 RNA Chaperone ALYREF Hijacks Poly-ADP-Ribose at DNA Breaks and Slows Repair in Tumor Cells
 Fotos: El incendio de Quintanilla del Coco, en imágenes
+ + + + + + +
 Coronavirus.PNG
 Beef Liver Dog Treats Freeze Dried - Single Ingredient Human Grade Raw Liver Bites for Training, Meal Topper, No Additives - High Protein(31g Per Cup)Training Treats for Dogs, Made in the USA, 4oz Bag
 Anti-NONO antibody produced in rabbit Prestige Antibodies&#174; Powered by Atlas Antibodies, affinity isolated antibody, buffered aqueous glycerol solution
+ + + + + + +
#### [DIRECTIONS]
Repeat, exactly as they stand above, the lines from the line with "RNA Chaperone ALYREF" to the line with "Fotos: El incendio", both lines included.

#### [RESPONSE AREA]
 RNA Chaperone ALYREF Hijacks Poly-ADP-Ribose at DNA Breaks and Slows Repair in Tumor Cells
 Fotos: El incendio de Quintanilla del Coco, en imágenes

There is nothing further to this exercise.